You may have read some of my recent posts about gluten-free food products. It’s something I’m trying to learn more about, especially when I discovered just how horrible coeliac disease can be. I’m keen to share my ‘gluten-free finds’ with you, in the hope that they will reach those who suffer with coeliac disease.
I hope I managed to do that with my post about Coori foods, bringing staple Italian products back into the lives of those who can’t eat gluten. Now I’m moving over to the alcohol side, with CELIA gluten-free lager.
CELIA is a Czech lager brand, producing an organic and a dark lager (both gluten-free). The organic version is only 136kcal (labelled ‘one of the healthiest beers‘ by Men’s Health) and is brewed in the walls of a 14th century castle, from just three locally sourced ingredients; malted barley, saaz hops and water from the Žatec foothills.
They have a patented ‘de-glutenisation’ process which (in technical terms) produces an ELISA tested value of <5 parts per million for a truly light lager, and because of their silicone filtration system at the brewery, CELIA is also suitable for vegans. It is open fermented for 14 days to give it natural carbonation, which reduces the heaviness found in many other beers. Most breweries speed up this process to reduce costs by adding CO2, which is what can give you that uncomfortable bloated feeling.
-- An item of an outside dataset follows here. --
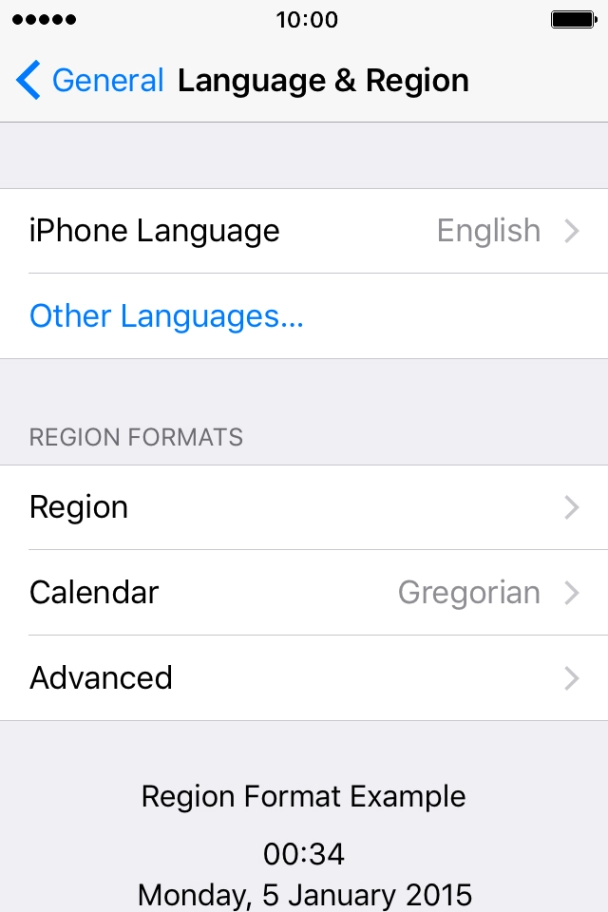Press iPhone Language.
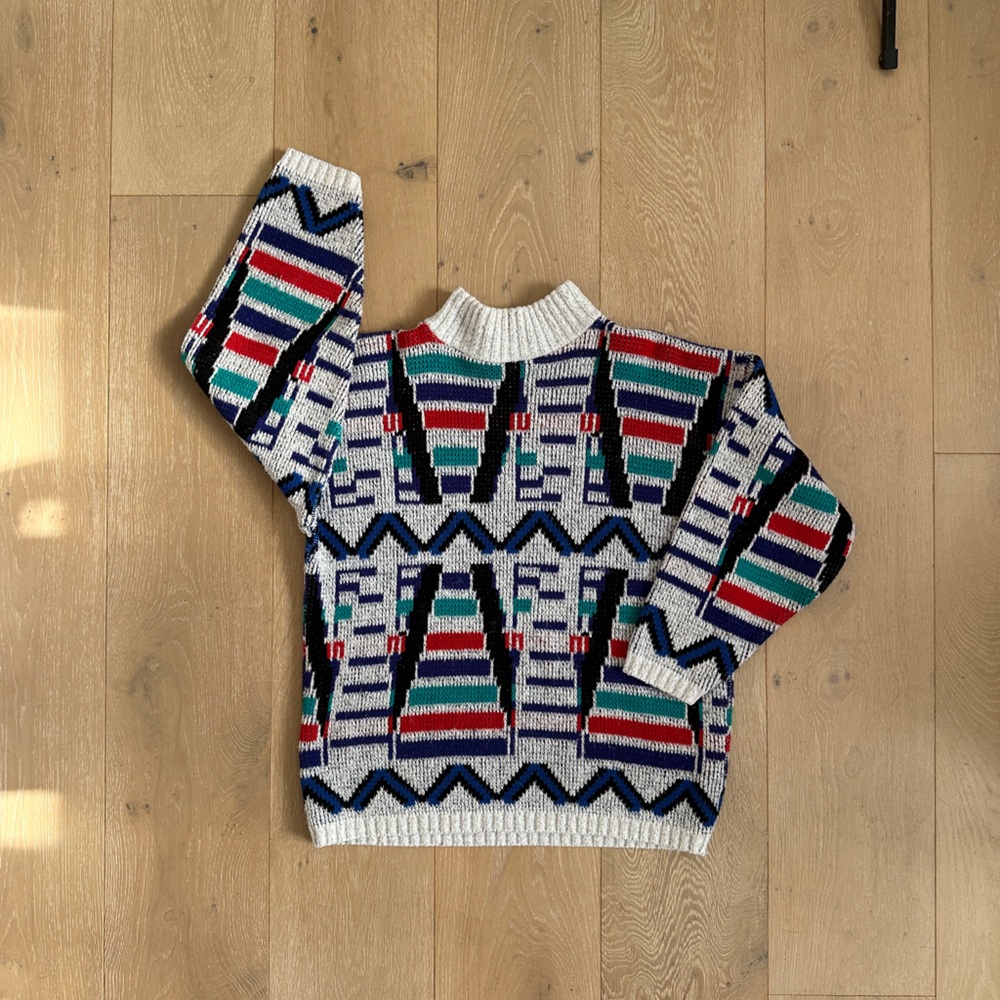 Vintage Geometric Knit Sweater - Multicolor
This brewing process and lightness of the lager means that it’s a perfect drink to complement a meal.
The dark lager is produced in a similar way but also includes toffee bavarian malt in the brewing process, giving it a distinctive coffee-like aroma with slightly nutty and rye bread undertones.
I’m one of the few girls in my group of friends who enjoys beer, and I’m particularly partial to a good IPA! At the weekend, after a busy day of unpacking (this house move seems never ending!) we really fancied a cold drink! So we headed out into the garden in the sunshine to test out the CELIA lager. We had one of each type to try.
I started with the dark one but it was a bit strongly flavoured for my tastebuds, but probably just because dark lager isn’t something I’m accustomed to. Tim tried it and let’s just say it was consumed fairly quickly – he really enjoyed it! The original lager was also lovely and I managed to polish off most of that one.
What I think is really important to note is that you couldn’t really tell that it was gluten-free, it didn’t taste any different. Perhaps lager connoisseurs might notice, but as I said in my previous gluten-free posts, if this is something that those suffering with coeliac disease or gluten-intolerance can drink, then I think it’s great! Why should they miss out on drinking lager?
CELIA has a rather helpful map on their website which shows you not only where you can buy it, but which pubs/restaurants are selling it. If there isn’t anywhere near you then fear not, because you can also buy it online via Gluten-Free Shop Ltd, Ocado, Vintage Roots, Vinceremos Organic Wines, Abel & Cole and Butlers Wine Cellar, for around £2.50 for a 330ml bottle.
I was sent samples of CELIA Lager for review purposes by CCD PR but did not receive any payment. All views are my own.